# Last Minute Tournament at Orange Beach Marina



## whome (Oct 2, 2007)

Orange Beach Marina is having a last minute tournament next weekend. Here is a link for more information. http://campaign.r20.constantcontact.com/render?llr=h4ljvwbab&v=001qGZo6GH_pRR6W2cfy_K2tPX-IabeeEb36u5eLoPhKuZo8ZIUD2XSRDgsLmnIfI773rIe7m-gIvic_3uEHBcAYsdPsGe0Zfl8YuUiSTyLtsE%3D


----------



## JoeZ (Sep 30, 2007)

Let me know if you need a completely novice deckhand/angler.


----------



## samoajoe (Dec 28, 2010)

Entry fee?


----------



## whome (Oct 2, 2007)

samoajoe said:


> Entry fee?


As far as I understand it, its just a "brown bag" tournament. Meaning calcutta only. You may want to call the marina and clarify though if you are interested in fishing it. I just talked to the Boss, we are going to fish it..Captain's Meeting at 6:30. Leave after that. Be back in the Rocks by Noon on Sunday...Hope to see you there.


----------



## whome (Oct 2, 2007)

Little more information at this link. If you ever wanted to fish a cheap billfish tournament here is your chance. NO entry fee. Only what you want to bet in Calcutta. http://campaign.r20.constantcontact.com/render?llr=h4ljvwbab&v=0013-zw4rcnoTuNjr-mgxgFZbGpke2EkVucYdM2DTyc4HqfpHTNSzzhunpvEmHNtjKhadvWrb_uzo2ZGN5njRrS8AE5dhf0ocyUFIqILDB36J4%3D


----------



## matttheboatman (Aug 25, 2008)

Did you fish in the tournament? Any reports on the catches?

Thanks,

Matt


----------



## whome (Oct 2, 2007)

Yeah matt we fished. We ended up with 2nd place catch and release and 1st place dolphin and 1st place wahoo.
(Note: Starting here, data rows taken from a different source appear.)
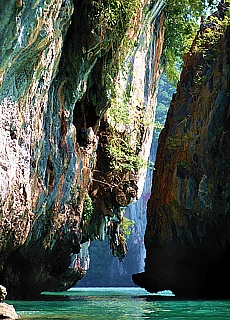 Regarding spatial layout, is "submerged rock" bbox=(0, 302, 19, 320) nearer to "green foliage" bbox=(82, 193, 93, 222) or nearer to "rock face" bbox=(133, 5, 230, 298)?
"green foliage" bbox=(82, 193, 93, 222)

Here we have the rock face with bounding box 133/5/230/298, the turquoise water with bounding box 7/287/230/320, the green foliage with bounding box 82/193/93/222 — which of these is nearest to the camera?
the turquoise water with bounding box 7/287/230/320

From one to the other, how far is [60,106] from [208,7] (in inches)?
378

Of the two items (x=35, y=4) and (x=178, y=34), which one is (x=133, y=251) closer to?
(x=178, y=34)

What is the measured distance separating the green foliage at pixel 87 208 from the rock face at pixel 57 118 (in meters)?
0.17

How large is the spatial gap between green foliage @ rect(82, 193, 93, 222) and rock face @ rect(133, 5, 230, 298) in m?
3.24

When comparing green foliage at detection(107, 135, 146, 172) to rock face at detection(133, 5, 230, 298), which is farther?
rock face at detection(133, 5, 230, 298)

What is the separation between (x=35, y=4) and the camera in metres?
7.23

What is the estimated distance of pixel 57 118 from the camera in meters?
11.7

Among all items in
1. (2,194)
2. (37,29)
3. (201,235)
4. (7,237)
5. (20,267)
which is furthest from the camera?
(201,235)

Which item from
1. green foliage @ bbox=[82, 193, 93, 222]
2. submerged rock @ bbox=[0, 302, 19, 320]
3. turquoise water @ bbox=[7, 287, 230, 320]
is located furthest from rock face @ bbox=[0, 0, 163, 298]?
submerged rock @ bbox=[0, 302, 19, 320]

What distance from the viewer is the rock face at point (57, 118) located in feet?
26.9

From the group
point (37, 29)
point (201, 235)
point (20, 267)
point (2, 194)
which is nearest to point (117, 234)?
point (201, 235)

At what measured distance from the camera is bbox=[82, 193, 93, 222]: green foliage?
51.8 ft

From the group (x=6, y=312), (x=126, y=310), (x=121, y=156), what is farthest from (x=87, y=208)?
(x=6, y=312) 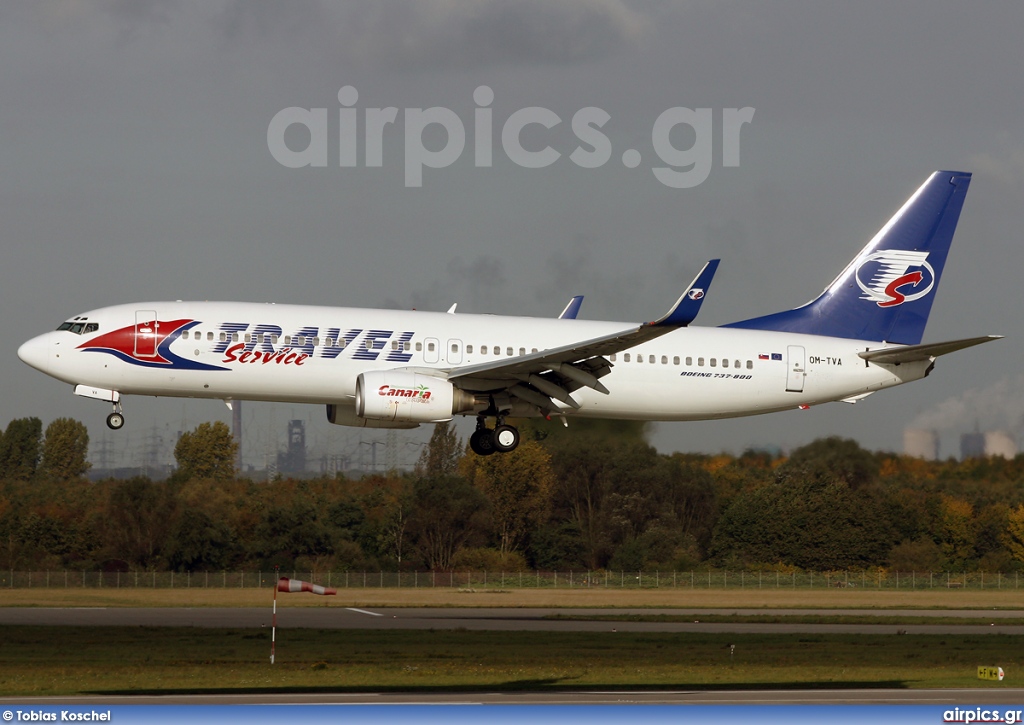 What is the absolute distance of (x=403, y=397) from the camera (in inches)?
1346

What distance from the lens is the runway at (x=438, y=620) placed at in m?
38.1

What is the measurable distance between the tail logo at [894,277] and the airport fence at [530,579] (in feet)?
68.7

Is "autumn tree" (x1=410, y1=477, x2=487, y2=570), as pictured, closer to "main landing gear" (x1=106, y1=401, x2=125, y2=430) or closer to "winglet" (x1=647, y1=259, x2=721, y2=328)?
"main landing gear" (x1=106, y1=401, x2=125, y2=430)

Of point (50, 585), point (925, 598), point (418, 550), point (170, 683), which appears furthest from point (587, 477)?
point (170, 683)

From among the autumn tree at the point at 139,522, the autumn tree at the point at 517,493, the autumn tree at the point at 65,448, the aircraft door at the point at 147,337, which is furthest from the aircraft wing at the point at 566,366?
the autumn tree at the point at 65,448

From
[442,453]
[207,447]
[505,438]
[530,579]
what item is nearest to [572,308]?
[505,438]

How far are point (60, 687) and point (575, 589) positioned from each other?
3573cm

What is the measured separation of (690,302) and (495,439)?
8219 mm

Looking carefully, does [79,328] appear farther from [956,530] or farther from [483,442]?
[956,530]

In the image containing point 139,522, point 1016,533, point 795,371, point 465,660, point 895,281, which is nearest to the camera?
point 465,660

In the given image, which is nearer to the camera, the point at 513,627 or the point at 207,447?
the point at 513,627

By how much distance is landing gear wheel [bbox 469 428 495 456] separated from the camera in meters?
37.2

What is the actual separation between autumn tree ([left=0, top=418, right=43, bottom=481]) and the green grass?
76.1 metres

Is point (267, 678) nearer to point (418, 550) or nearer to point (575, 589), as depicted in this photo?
point (575, 589) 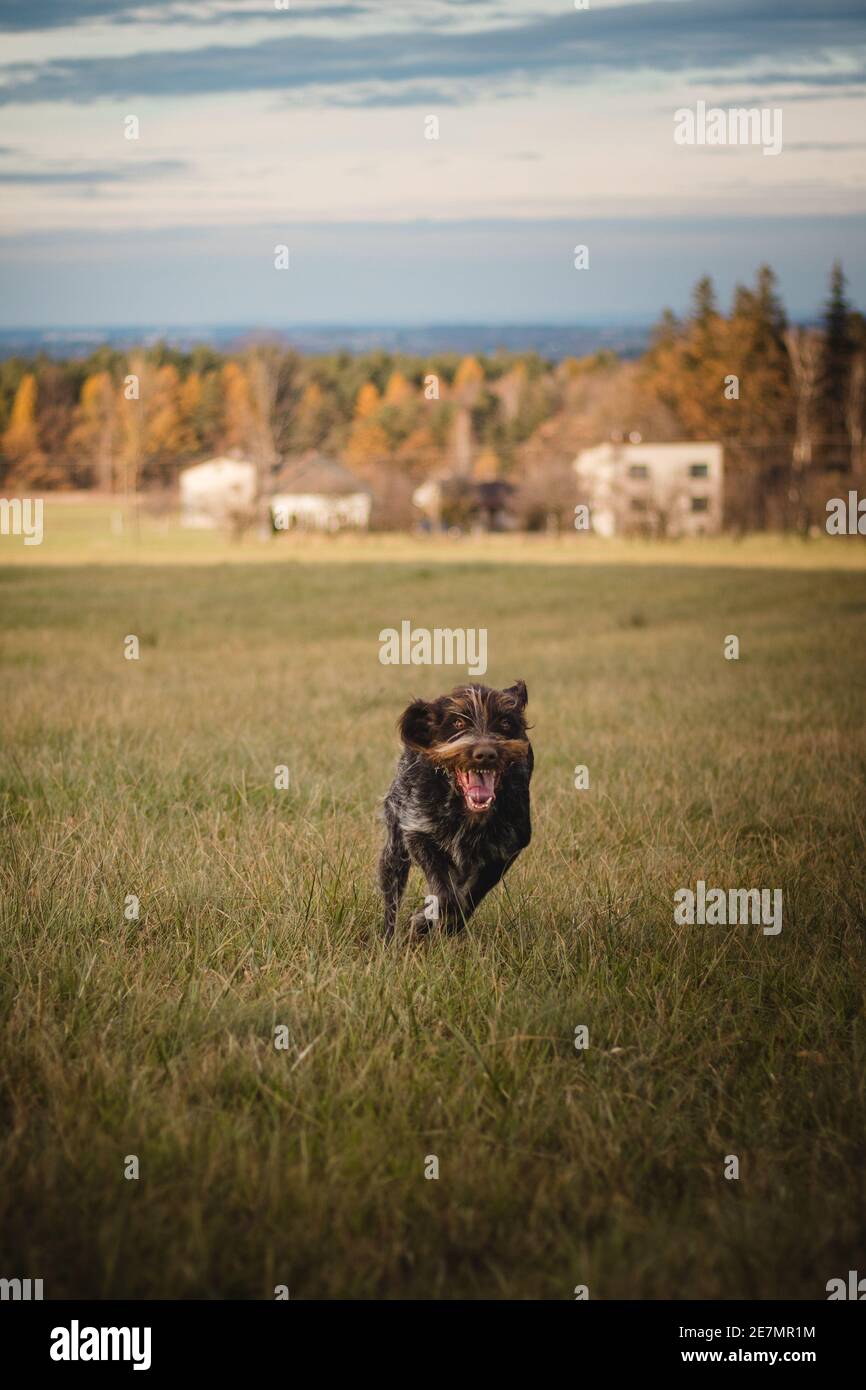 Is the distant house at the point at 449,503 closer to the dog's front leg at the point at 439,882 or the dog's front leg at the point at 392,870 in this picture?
the dog's front leg at the point at 392,870

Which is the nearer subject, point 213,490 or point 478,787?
point 478,787

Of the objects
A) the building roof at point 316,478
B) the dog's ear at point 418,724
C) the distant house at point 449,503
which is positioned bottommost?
the dog's ear at point 418,724

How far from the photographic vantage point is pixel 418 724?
5.33 metres

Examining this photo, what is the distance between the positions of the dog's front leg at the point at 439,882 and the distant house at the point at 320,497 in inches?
2414

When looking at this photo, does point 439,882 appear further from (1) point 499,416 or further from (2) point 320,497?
(1) point 499,416

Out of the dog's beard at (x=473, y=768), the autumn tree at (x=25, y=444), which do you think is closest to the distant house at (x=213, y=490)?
the autumn tree at (x=25, y=444)

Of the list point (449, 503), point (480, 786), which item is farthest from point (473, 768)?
point (449, 503)

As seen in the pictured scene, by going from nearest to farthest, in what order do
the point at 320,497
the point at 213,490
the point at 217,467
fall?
1. the point at 320,497
2. the point at 213,490
3. the point at 217,467

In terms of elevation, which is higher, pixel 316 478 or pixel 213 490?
pixel 316 478

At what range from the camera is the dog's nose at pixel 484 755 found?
506cm

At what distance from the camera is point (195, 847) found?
7.33 m

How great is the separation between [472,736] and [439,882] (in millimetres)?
797

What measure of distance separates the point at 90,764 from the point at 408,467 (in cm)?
7441

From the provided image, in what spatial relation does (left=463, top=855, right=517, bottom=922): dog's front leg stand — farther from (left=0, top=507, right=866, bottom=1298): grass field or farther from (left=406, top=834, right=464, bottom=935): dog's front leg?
(left=0, top=507, right=866, bottom=1298): grass field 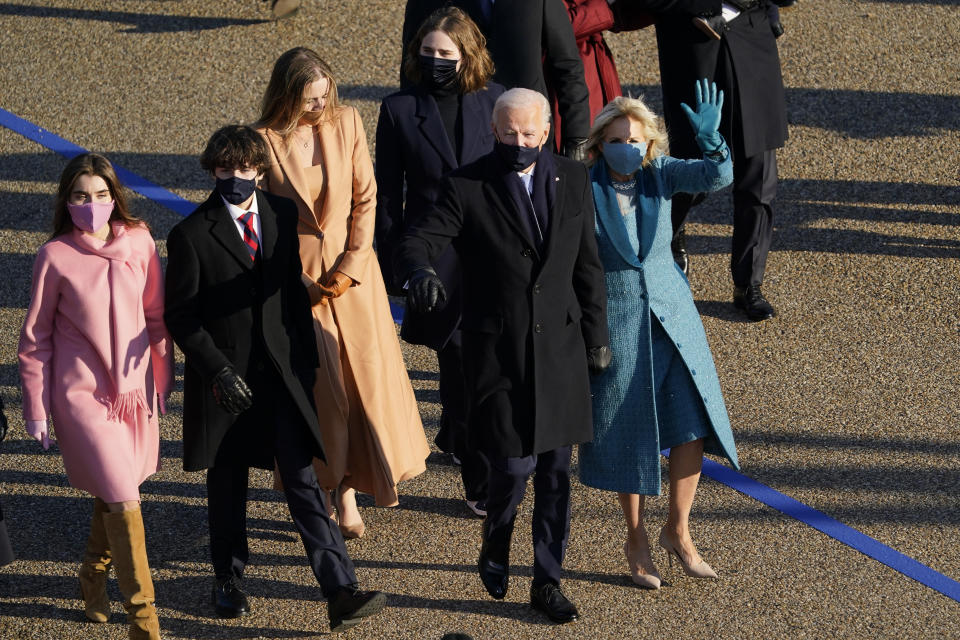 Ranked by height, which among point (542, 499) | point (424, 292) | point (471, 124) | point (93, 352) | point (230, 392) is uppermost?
point (471, 124)

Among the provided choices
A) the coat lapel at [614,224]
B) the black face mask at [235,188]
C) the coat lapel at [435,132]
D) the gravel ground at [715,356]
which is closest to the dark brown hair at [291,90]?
the coat lapel at [435,132]

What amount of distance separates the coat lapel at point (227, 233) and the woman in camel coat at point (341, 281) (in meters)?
0.55

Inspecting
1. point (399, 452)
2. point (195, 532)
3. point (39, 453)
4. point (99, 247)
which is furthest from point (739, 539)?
point (39, 453)

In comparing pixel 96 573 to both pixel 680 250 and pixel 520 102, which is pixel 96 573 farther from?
pixel 680 250

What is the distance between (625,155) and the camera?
4.91m

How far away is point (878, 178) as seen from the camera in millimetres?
8094

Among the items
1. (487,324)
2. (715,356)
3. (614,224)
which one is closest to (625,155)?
(614,224)

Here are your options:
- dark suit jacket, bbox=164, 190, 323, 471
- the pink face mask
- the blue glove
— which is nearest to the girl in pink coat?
the pink face mask

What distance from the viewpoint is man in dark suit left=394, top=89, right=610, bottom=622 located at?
4633 mm

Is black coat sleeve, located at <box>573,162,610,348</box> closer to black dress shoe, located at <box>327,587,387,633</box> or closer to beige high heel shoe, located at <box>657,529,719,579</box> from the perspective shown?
beige high heel shoe, located at <box>657,529,719,579</box>

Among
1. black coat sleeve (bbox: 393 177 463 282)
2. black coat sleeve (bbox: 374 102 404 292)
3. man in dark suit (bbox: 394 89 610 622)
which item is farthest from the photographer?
black coat sleeve (bbox: 374 102 404 292)

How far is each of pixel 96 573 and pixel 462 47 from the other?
7.69ft

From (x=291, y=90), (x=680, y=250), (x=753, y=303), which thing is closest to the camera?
(x=291, y=90)

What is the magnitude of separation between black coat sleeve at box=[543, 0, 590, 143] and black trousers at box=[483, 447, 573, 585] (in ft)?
5.76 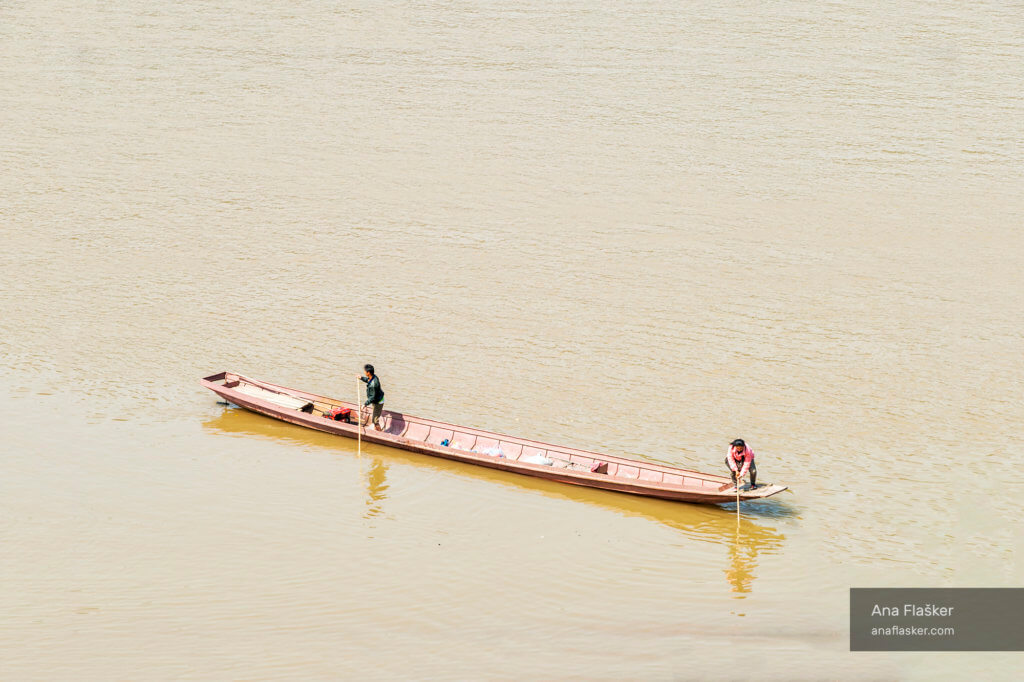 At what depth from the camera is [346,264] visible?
A: 3856 centimetres

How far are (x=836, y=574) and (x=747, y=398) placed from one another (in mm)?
8794

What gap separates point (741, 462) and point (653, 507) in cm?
197

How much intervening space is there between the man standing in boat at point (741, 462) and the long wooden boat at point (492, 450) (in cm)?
25

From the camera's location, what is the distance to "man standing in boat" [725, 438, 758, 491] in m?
21.5

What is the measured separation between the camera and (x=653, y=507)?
2242 cm

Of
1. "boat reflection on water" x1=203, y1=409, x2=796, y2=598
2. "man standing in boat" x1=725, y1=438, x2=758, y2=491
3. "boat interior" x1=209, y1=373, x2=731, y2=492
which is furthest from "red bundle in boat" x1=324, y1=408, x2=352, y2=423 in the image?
"man standing in boat" x1=725, y1=438, x2=758, y2=491

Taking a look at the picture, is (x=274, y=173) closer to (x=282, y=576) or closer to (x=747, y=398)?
(x=747, y=398)

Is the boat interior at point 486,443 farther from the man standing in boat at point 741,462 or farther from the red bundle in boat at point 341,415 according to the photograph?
the man standing in boat at point 741,462

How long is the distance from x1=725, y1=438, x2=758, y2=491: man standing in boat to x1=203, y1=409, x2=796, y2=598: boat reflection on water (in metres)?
0.85

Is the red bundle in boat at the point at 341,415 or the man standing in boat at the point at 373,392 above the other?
the man standing in boat at the point at 373,392

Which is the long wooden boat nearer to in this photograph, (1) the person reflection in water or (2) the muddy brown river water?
(2) the muddy brown river water

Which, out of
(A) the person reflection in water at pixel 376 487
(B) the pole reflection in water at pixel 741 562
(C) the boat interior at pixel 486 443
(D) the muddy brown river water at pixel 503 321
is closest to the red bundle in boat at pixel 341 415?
(C) the boat interior at pixel 486 443

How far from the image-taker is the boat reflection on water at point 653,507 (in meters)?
21.0

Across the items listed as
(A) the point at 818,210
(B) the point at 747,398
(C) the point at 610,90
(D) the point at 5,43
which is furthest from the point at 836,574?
(D) the point at 5,43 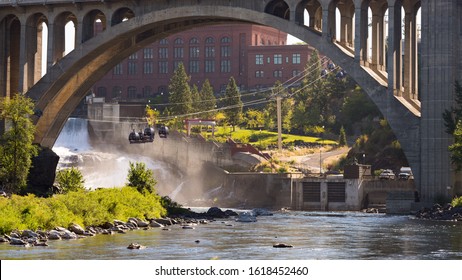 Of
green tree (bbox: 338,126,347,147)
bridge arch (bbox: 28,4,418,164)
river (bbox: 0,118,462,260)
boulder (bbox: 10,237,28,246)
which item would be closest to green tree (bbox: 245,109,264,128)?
green tree (bbox: 338,126,347,147)

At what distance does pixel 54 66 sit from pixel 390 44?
107 ft

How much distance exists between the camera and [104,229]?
2965 inches

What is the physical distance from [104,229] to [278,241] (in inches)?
533

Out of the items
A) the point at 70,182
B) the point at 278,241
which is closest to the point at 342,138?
the point at 70,182

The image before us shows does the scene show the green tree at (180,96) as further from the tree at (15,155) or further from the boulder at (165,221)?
the boulder at (165,221)

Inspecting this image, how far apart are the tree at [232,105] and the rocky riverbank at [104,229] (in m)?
92.3

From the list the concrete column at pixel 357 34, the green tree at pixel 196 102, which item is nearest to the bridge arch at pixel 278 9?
the concrete column at pixel 357 34

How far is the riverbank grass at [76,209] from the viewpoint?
69875 millimetres

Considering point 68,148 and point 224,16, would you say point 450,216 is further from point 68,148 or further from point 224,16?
point 68,148

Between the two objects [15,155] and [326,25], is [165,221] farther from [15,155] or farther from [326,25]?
[326,25]

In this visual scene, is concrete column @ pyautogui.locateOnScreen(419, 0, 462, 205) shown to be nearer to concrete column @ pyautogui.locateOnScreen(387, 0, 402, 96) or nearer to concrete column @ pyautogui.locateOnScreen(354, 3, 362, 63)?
concrete column @ pyautogui.locateOnScreen(387, 0, 402, 96)

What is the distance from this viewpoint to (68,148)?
175m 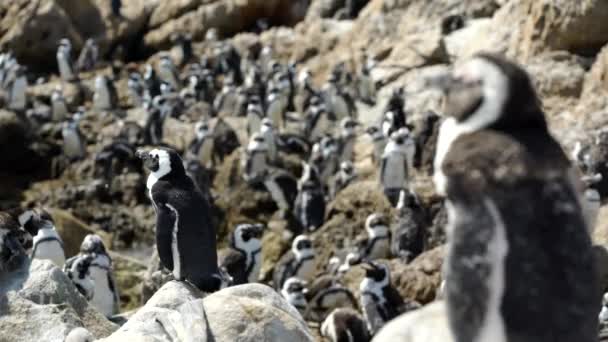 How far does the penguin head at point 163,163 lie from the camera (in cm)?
973

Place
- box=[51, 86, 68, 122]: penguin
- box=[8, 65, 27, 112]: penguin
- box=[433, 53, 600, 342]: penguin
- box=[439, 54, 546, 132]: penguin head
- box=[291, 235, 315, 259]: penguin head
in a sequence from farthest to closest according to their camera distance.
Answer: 1. box=[51, 86, 68, 122]: penguin
2. box=[8, 65, 27, 112]: penguin
3. box=[291, 235, 315, 259]: penguin head
4. box=[439, 54, 546, 132]: penguin head
5. box=[433, 53, 600, 342]: penguin

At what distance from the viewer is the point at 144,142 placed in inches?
1085

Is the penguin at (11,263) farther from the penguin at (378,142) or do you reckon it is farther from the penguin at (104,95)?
the penguin at (104,95)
There were two blue marlin caught in the tournament, both at the rigs...


----------



## Justin B (Apr 4, 2011)

How many boats ended up fishing it?


----------



## thundergobble (Apr 6, 2009)

nice job. any size to the wahoo?


----------



## whome (Oct 2, 2007)

thundergobble said:


> nice job. any size to the wahoo?


:whistling: He was a good one Bert:thumbsup:


----------



## thundergobble (Apr 6, 2009)

1st place!


----------